Argentina faz 1º debate presidencial desde 1983 sem o favorito
Está previsto para a noite deste domingo (4) um feito inédito na Argentina: o primeiro debate entre presidenciáveis desde a redemocratização do país, em 1983. Cinco candidatos que concorrem à eleição em 25 de outubro aceitaram o convite. O favorito Daniel Scioli, porém, avisou que ficará de fora.
A ausência de Scioli, que representa o legado da presidente Cristina Kirchner, quase pôs em risco o evento, que acadêmicos e ONGs vêm organizando há mais de um ano.
O vice nas pesquisas, Mauricio Macri (PRO), ameaçou não ir, mas confirmou presença no fim desta semana. Além dele, participam Sergio Massa (UNA), Margarita Stolbizer (Progresistas), Nicolás Caño (FIT) e Adolfo Rodriguez Saá (Compromiso Federal).
Iniciativa da ONG Argentina Debate, o confronto argentino "importou" experiências de Brasil, EUA, Chile e Peru.
Do vizinho mais importante, segundo Hernan Charosky, coordenador-geral do evento, foi copiada a troca de perguntas entre candidatos.
A experiência do Brasil ainda inspirou a organização a orientar o mediador a dar protagonismo aos presidenciáveis. O debate será às 21h, na Universidade de Buenos Aires, e vai durar duas horas.
Algumas redes de TV que haviam se comprometido com o evento cancelaram a transmissão após Scioli desistir.
Para analistas, o confronto perde relevância, uma vez que a grande questão neste último mês de campanha é se o candidato da situação conseguirá alcançar os votos necessários para evitar um segundo turno. "O debate pode influir em quem briga pelo segundo lugar", afirma o analista Rosendo Fraga, da consultoria Nueva Mayoría.
RAÍZES PERONISTAS
O confronto entre presidenciáveis foi tentado outras vezes na Argentina, sem sucesso. Primeiro peronista eleito após a redemocratização, Carlos Menem (1989-1999) se recusou a dialogar com opositores nas duas votações em que saiu vitorioso. É dele a frase "só quer debater quem perde", que ecoa até hoje no país.
A tradição de não confrontar ideias tem origem na essência do peronismo, diz Ezequiel Spector, da Universidade Torcuato Di Tella. A maior corrente política do país nasceu sob a insígnia da disciplina militar do fundador, Juan Domingo Perón (1895-1974).
"A tradição peronista não é de debate, é de obediência", afirma o estudioso. "O movimento se comporta mais como um exército que como uma organização de políticos que creem na troca de ideias.

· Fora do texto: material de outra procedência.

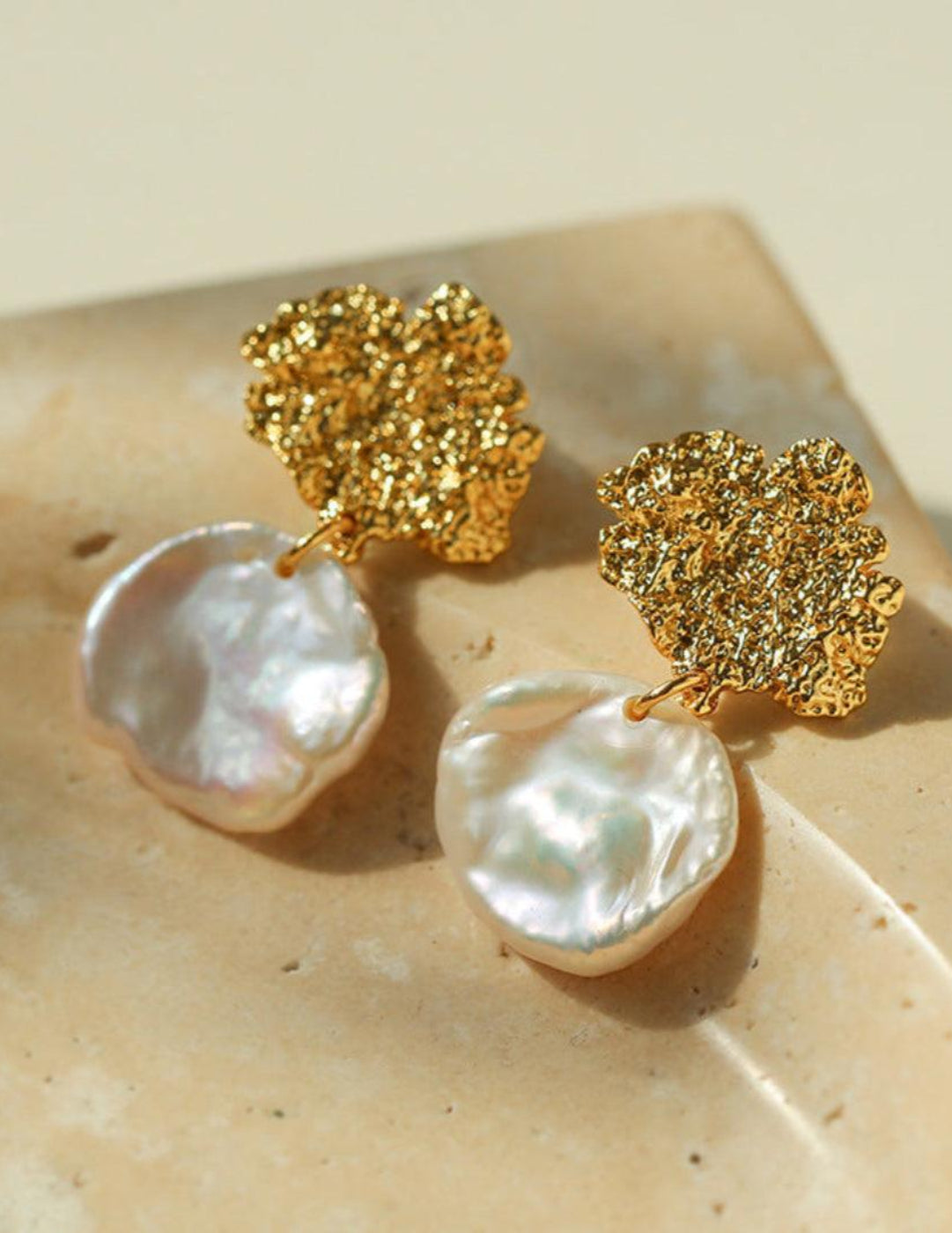 Foil Petals Baroque Stud Earrings - Gembea Jewelry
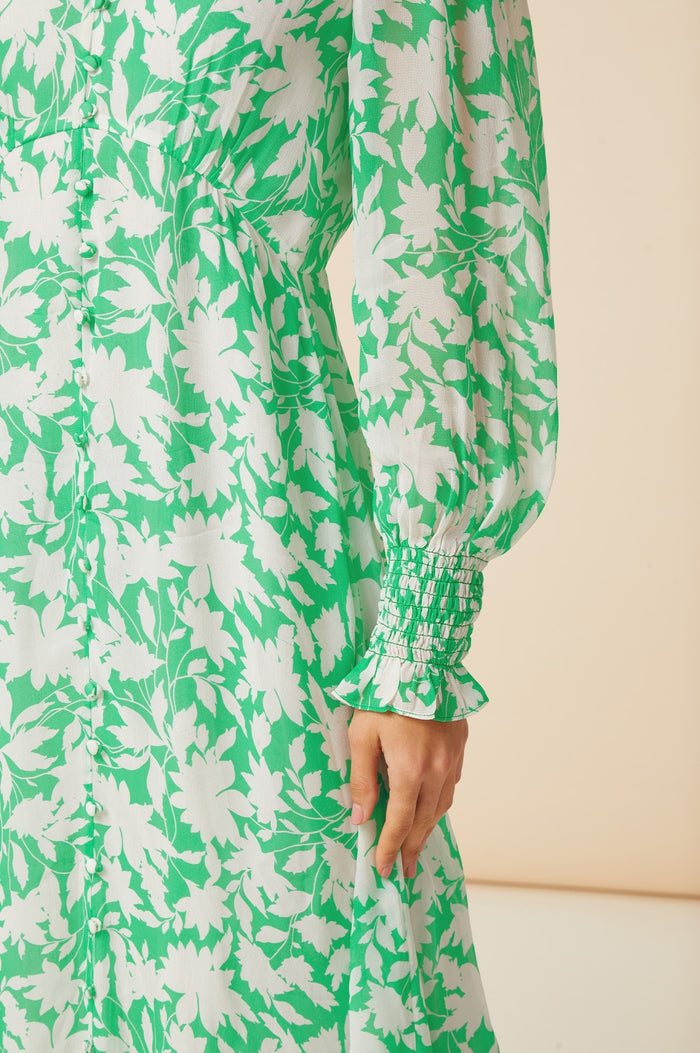 Long Sleeve Sally Anne Dress | Clematis Vines Green/Ivory - Aspiga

Dada a sua influência, os argentinos se convenceram de que não é preciso debater."
Para Charosky, o coordenador do evento, a criação da ONG Argentina Debate já é algo inédito na história do país –fazem parte do movimento mais de 40 ONGs, universidades e meios de comunicação.
A previsão é que a fórmula argentina seja mais comedida que os debates do Brasil em alguns aspectos: os temas são conhecidos, não haverá perguntas de eleitores e os candidatos não darão entrevista após o confronto.
RESPONSABILIDADE
Apesar de presente à negociação de regras e dos assuntos, a equipe de Scioli anunciou a recusa em participar apenas na semana passada.
Os opositores usaram a ausência para atacar o adversário. Macri e Massa acusaram Scioli de agir sob ordens de Cristina, que teria vetado a participação do candidato.
Já os aliados do político optaram por desconversar, defendendo a criação de lei para regulamentar esses eventos. Até o momento, nenhum projeto foi apresentado.
"Não quero debater porque é muito difícil levar um debate com responsabilidade e seriedade quando opositores um dia dizem uma coisa, noutro dizem outra e prometem coisas que sabem não poder cumprir", justificou Scioli à Folha há poucos dias.
"As pessoas me conhecem há muitos anos, me veem governar, sabem o que penso e as políticas que eu defendo."
Mesmo com o cenário incompleto, Charosky diz que o evento marcará o país. "Vamos esperar até o último minuto, mas, se Scioli não vier, vai desperdiçar a oportunidade de aparecer em uma foto que entrará para a história."